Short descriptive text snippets

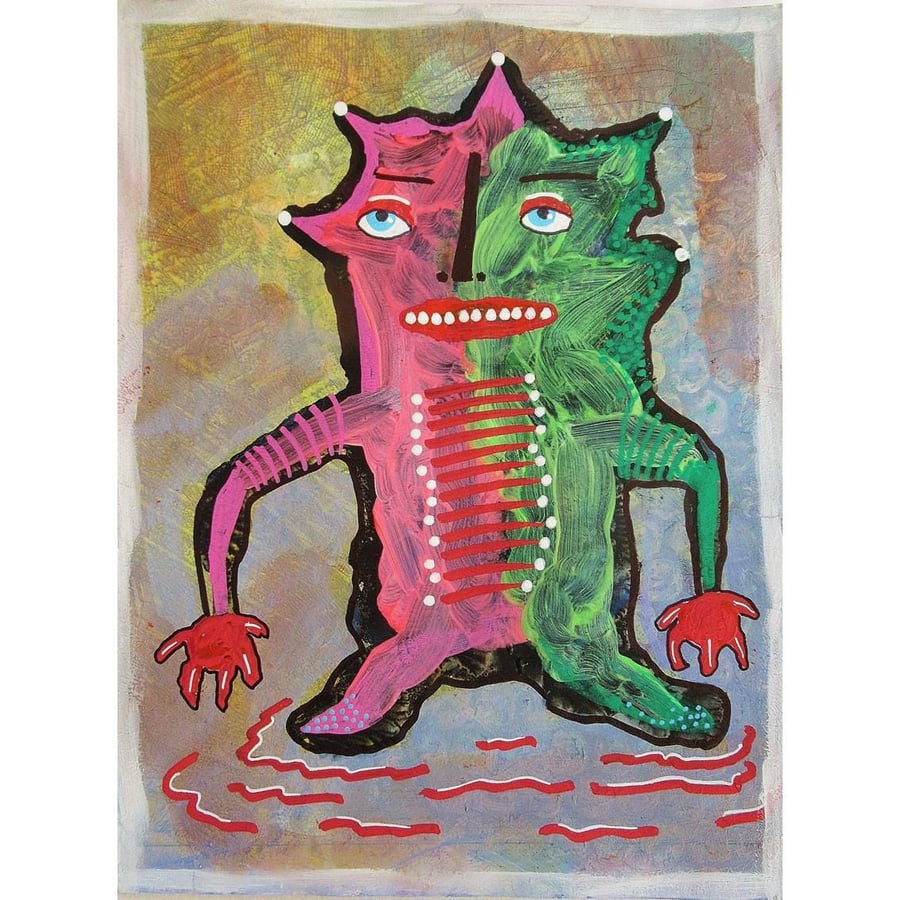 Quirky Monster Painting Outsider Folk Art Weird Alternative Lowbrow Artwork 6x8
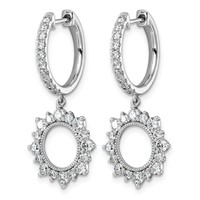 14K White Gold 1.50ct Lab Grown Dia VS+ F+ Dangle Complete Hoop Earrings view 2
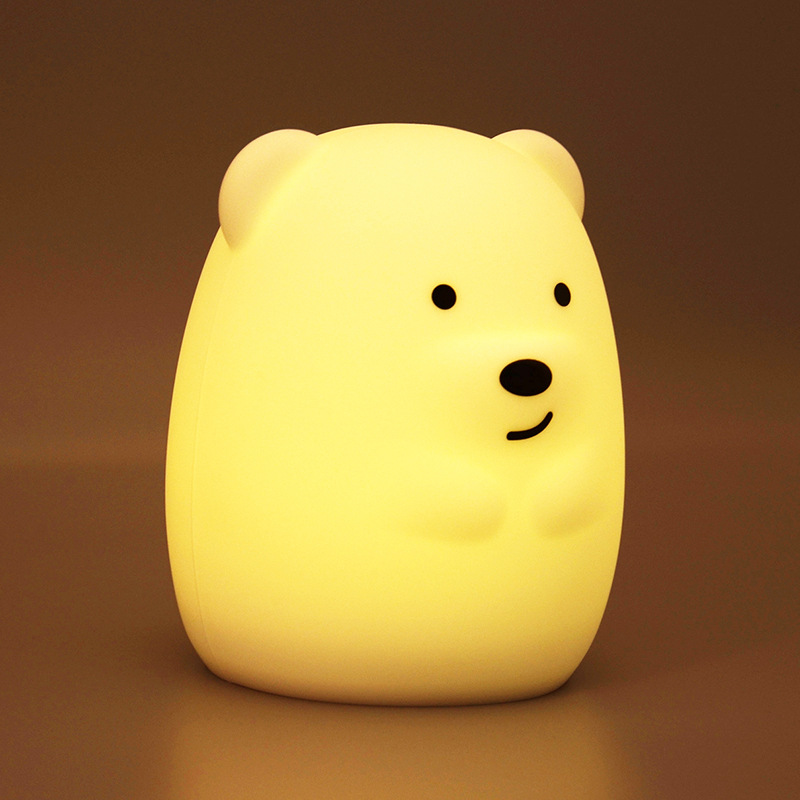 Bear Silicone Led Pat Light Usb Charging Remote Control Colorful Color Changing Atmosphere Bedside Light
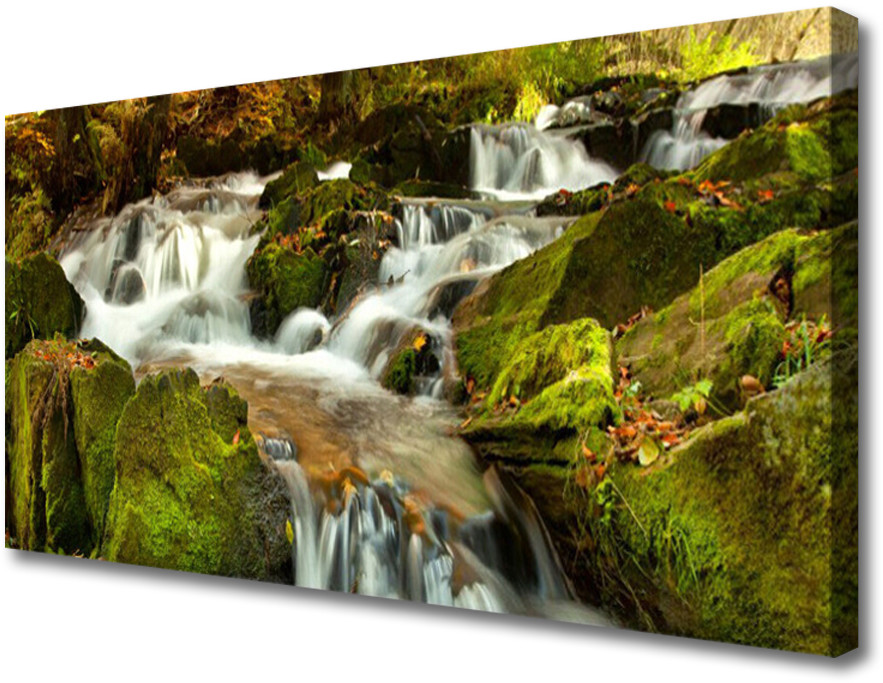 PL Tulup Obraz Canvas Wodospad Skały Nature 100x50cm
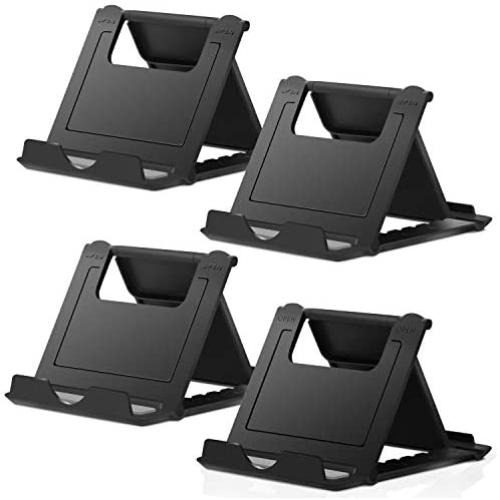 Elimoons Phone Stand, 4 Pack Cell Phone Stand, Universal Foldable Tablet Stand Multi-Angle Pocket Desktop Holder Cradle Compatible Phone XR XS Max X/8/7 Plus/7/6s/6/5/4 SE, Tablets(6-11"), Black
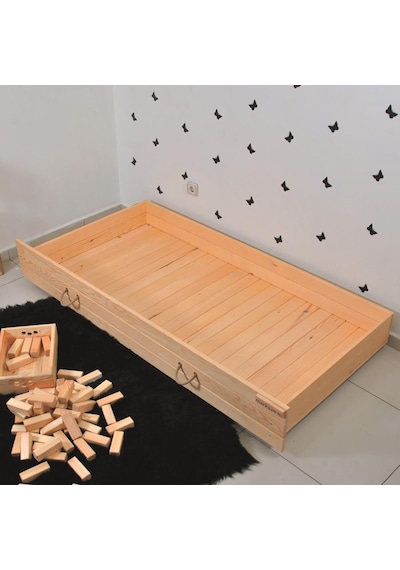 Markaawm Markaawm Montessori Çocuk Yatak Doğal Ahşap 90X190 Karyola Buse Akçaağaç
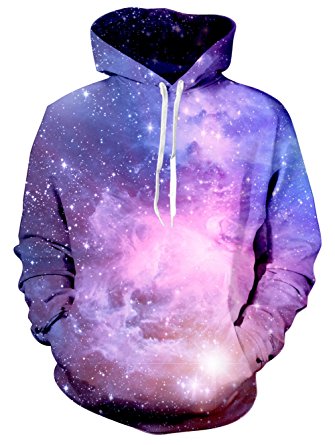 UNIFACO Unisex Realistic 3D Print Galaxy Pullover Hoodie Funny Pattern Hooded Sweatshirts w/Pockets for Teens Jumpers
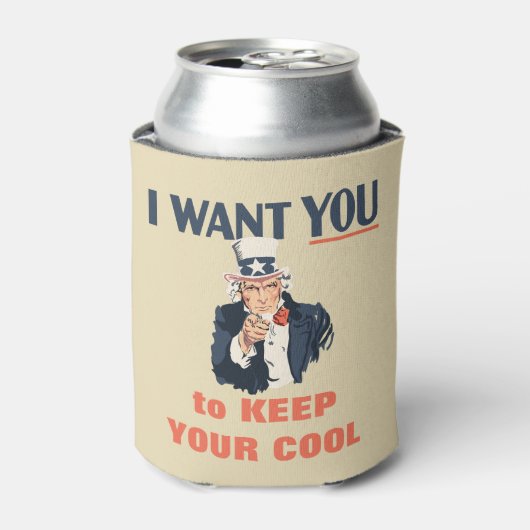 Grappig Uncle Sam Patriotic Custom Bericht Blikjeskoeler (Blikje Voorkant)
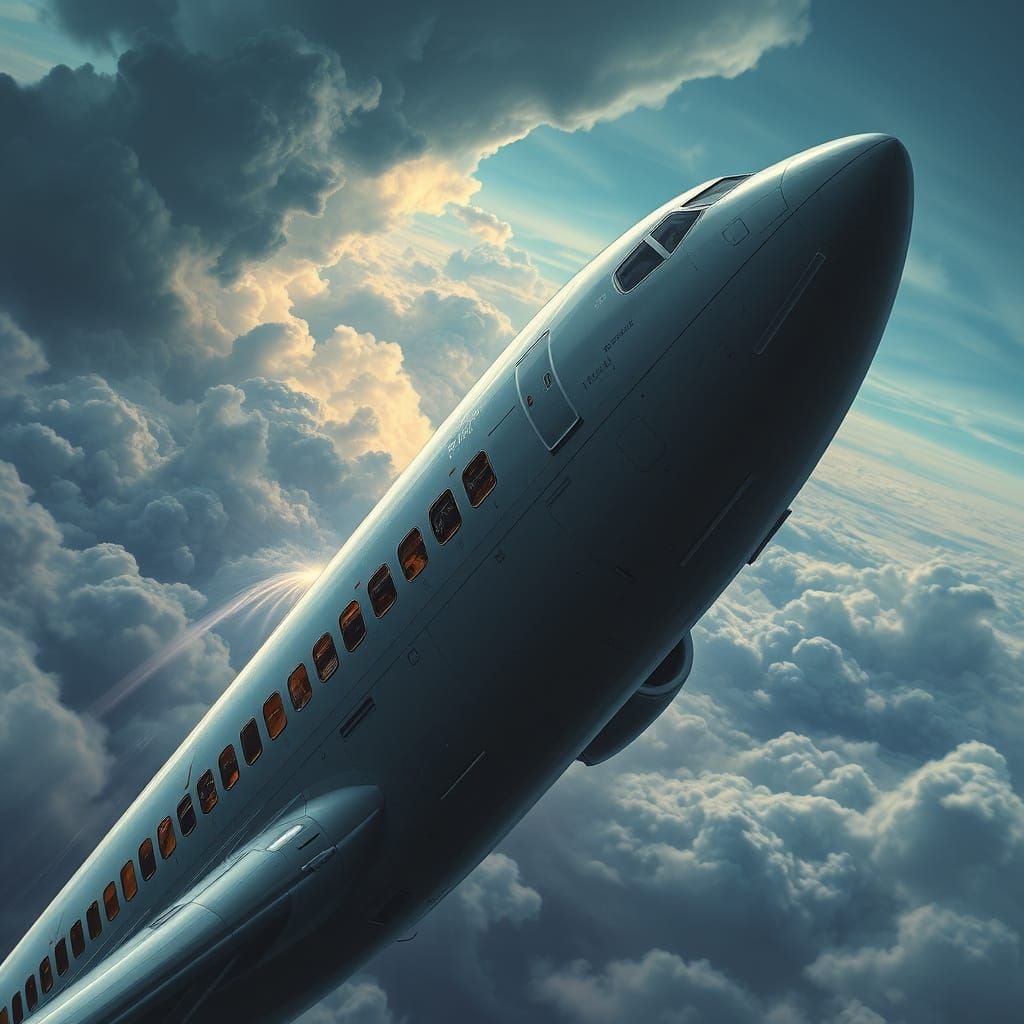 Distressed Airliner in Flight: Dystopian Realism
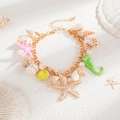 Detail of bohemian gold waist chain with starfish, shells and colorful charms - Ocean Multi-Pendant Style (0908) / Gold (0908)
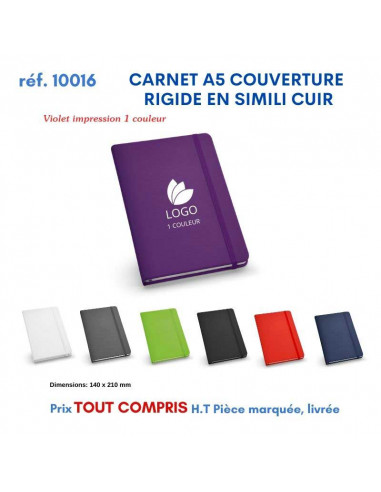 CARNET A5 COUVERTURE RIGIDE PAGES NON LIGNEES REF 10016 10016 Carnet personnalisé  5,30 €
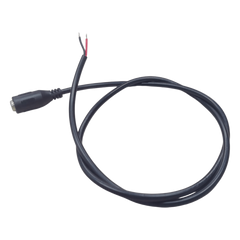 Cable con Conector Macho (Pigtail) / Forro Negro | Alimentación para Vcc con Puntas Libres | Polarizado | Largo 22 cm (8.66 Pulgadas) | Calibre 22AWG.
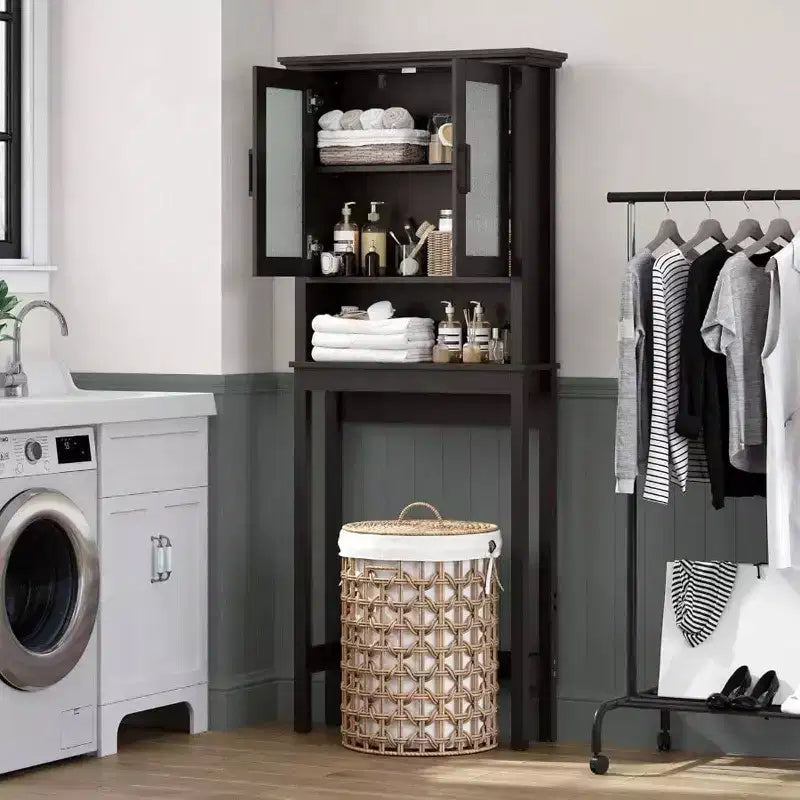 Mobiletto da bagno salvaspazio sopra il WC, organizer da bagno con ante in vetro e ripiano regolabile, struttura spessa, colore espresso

◆ Your objective
The required answer is the lines from the one that contains "Cable con Conector" through the last line of the records, restated word for word, with every picture dropped.

◆ Task solution
 Cable con Conector Macho (Pigtail) / Forro Negro | Alimentación para Vcc con Puntas Libres | Polarizado | Largo 22 cm (8.66 Pulgadas) | Calibre 22AWG.
 Mobiletto da bagno salvaspazio sopra il WC, organizer da bagno con ante in vetro e ripiano regolabile, struttura spessa, colore espresso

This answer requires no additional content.